Control Plane Components

┌─────────────────────────────────────────────┐
│                Control Plane                │
│                                             │
│  ┌─────────────┐   ┌──────────────────────┐ │
│  │  kube-api   │   │        etcd          │ │
│  │   server    │◄──│  (source of truth)   │ │
│  └──────┬──────┘   └──────────────────────┘ │
│         │                                   │
│  ┌──────▼──────┐   ┌──────────────────────┐ │
│  │  scheduler  │   │  controller-manager  │ │
│  └─────────────┘   └──────────────────────┘ │
└─────────────────────────────────────────────┘

kube-apiserver — The only component anything talks to directly. All state changes go through the API server. kubectl, the scheduler, controller-manager, kubelets on nodes — everyone hits the API server. It validates requests, handles auth/authz, and writes to etcd.

etcd — Raft-based distributed KV store. For production, you run 3 or 5 etcd nodes. The Raft consensus algorithm requires (n/2)+1 nodes to agree before writing, so a 3-node cluster tolerates 1 failure. Never run 2 or 4 etcd nodes — even numbers create split-brain scenarios.

kube-scheduler — Watches for pods with no assigned node (.spec.nodeName is empty), scores candidate nodes, assigns a node to the pod spec. It doesn’t start the pod — it just updates the spec. The kubelet on the chosen node notices and takes over.

controller-manager — Runs ~20 built-in control loops. The ReplicaSet controller watches for pods belonging to a ReplicaSet and creates/deletes them to match replicas. The Node controller watches for nodes that stop reporting heartbeats and marks them NotReady. Each controller is a simple loop: observe current state → compare to desired state → act.

Worker Node Components

kubelet — Runs on every node. Watches the API server for pods scheduled to its node, instructs the container runtime (containerd, in modern clusters) to start/stop containers, reports pod status back to the API server. If the kubelet crashes, pods already running on that node keep running — but Kubernetes has no visibility into them until kubelet recovers.

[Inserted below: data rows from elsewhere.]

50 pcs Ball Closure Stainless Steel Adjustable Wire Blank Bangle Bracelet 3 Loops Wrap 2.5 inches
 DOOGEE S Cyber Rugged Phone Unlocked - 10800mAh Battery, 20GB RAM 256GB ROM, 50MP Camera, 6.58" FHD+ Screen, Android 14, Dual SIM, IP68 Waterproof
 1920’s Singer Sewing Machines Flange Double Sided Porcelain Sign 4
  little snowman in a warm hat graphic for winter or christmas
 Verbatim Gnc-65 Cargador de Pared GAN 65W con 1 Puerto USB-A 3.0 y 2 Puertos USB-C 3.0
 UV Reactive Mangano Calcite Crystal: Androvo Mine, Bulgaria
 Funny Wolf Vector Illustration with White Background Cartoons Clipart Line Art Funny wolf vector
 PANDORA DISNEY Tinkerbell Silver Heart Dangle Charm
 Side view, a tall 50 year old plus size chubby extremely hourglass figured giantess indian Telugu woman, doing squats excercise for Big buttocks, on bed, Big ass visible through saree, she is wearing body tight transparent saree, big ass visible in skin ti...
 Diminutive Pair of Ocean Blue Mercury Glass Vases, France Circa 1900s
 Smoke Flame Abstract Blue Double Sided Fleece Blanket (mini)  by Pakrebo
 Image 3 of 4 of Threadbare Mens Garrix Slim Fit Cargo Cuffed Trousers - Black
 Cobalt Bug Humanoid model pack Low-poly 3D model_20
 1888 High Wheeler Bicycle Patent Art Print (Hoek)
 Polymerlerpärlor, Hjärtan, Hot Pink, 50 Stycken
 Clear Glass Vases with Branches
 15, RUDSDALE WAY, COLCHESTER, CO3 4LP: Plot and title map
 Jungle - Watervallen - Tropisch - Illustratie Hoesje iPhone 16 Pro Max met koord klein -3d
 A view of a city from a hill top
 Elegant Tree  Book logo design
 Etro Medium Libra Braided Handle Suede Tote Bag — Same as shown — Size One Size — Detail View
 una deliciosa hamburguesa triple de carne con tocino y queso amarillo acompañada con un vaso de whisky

kube-proxy — Implements Service networking. Maintains iptables (or ipvs) rules that route traffic for Service ClusterIPs to the backend pod IPs. When pods come and go, kube-proxy updates the rules. This is why Services work as stable endpoints even as pod IPs change constantly.

Container runtime — containerd (via CNI) actually pulls images and manages container lifecycle. Docker was removed from Kubernetes in 1.24 because Docker added unnecessary overhead; containerd handles everything Kubernetes needs.

The Scheduling Algorithm

The scheduler runs in two phases: filtering and scoring.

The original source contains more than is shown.